Purpose: In prematurely born population, a cascade of events from initial injury in the developing brain to morbidity may be followed. The aim of our study was to assess seizures in prematurely born children from birth up to 16 years and to evaluate the contribution of different seizures, and of neurological dysfunction to the seizure outcome.
Methods: Pre- and neonatal data and data from neurodevelopmental examination at 5 years of 60 prospectively followed children born at or before 32 weeks of gestation, and of 60 matched term controls from the 2 year birth cohort were available from earlier phases of the study. Later seizure data were obtained from questionnaires at 5, 9, and 16 years, and from hospital records and parent interviews.
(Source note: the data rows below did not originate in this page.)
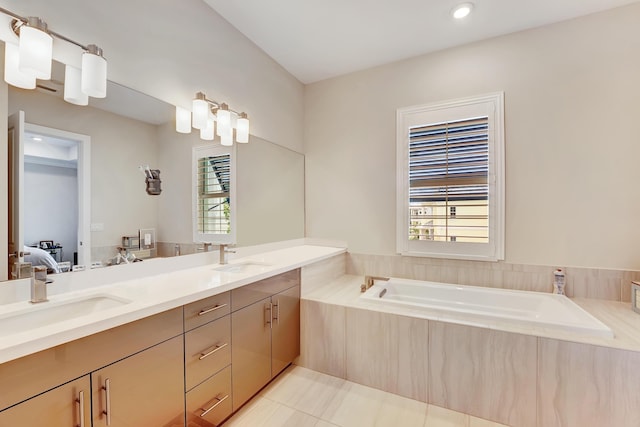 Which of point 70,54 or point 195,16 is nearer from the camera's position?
point 70,54

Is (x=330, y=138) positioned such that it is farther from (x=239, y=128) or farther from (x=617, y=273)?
(x=617, y=273)

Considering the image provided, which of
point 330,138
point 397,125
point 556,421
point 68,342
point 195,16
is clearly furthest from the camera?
point 330,138

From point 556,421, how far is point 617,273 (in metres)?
1.27

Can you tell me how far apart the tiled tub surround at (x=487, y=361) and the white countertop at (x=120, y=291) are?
0.63m

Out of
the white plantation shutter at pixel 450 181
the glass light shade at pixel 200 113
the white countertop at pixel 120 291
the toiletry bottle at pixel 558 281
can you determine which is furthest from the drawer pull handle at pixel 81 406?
the toiletry bottle at pixel 558 281

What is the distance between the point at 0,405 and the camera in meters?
0.81

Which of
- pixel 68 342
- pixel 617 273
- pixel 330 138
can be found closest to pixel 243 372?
pixel 68 342

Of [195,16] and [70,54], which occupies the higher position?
[195,16]

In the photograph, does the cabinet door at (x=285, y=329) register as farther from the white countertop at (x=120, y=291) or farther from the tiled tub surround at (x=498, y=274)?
the tiled tub surround at (x=498, y=274)

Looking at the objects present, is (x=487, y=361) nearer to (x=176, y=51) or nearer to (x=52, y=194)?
(x=52, y=194)

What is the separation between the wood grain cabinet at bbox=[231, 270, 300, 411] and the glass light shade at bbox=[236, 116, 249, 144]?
1172mm

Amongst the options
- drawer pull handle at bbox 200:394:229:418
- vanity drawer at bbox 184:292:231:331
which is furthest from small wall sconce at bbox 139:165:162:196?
drawer pull handle at bbox 200:394:229:418

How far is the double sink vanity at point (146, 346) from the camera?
90 centimetres

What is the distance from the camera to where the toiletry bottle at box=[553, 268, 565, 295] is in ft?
7.12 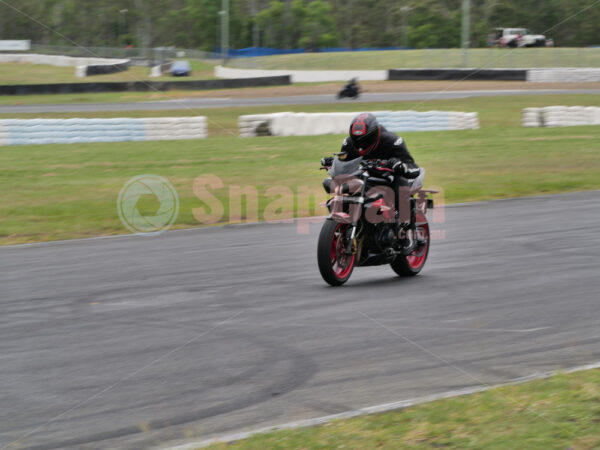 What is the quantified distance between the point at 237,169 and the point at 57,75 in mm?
43390

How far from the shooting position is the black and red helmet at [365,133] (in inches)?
289

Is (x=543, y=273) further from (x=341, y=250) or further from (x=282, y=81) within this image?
(x=282, y=81)

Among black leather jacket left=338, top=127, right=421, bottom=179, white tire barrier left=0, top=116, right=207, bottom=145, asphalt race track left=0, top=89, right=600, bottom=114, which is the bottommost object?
black leather jacket left=338, top=127, right=421, bottom=179

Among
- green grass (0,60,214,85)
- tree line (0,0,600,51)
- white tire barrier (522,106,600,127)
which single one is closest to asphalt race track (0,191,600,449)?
white tire barrier (522,106,600,127)

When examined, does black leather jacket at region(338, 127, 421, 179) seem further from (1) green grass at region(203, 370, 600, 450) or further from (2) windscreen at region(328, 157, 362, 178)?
(1) green grass at region(203, 370, 600, 450)

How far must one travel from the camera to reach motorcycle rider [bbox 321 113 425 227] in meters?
7.36

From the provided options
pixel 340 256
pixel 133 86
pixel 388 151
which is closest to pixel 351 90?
pixel 133 86

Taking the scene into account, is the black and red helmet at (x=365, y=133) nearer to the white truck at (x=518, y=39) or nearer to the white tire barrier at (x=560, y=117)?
the white tire barrier at (x=560, y=117)

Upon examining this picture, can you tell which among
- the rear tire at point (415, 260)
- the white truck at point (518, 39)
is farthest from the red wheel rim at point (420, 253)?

Results: In the preterm group, 16 children (27%) exhibited neonatal seizures, 10 children (17%) had seizures during febrile illness and 5 children had epilepsy. Eight children had only febrile seizures, and 3 of these had both multiple simple and complex febrile seizures and neurodevelopmental dysfunction. None of the 8 children had experienced neonatal seizures, 6 had a positive family history of seizures, but none developed epilepsy. The children with epilepsy had CP and neurocognitive problems, and all but one had experienced neonatal seizures; two of them had also had fever-induced epileptic seizures. In controls 3 children (5%) had simple febrile seizures.
Conclusion: Children born very preterm have increased rate of febrile seizures compared to the controls. However, no cascade from initial injury via febrile seizures to epilepsy could be shown during the follow-up of 16 years. Symptomatic epilepsy in prematurely born children is characterised by neonatal seizures, major neurological disabilities and early onset of epilepsy.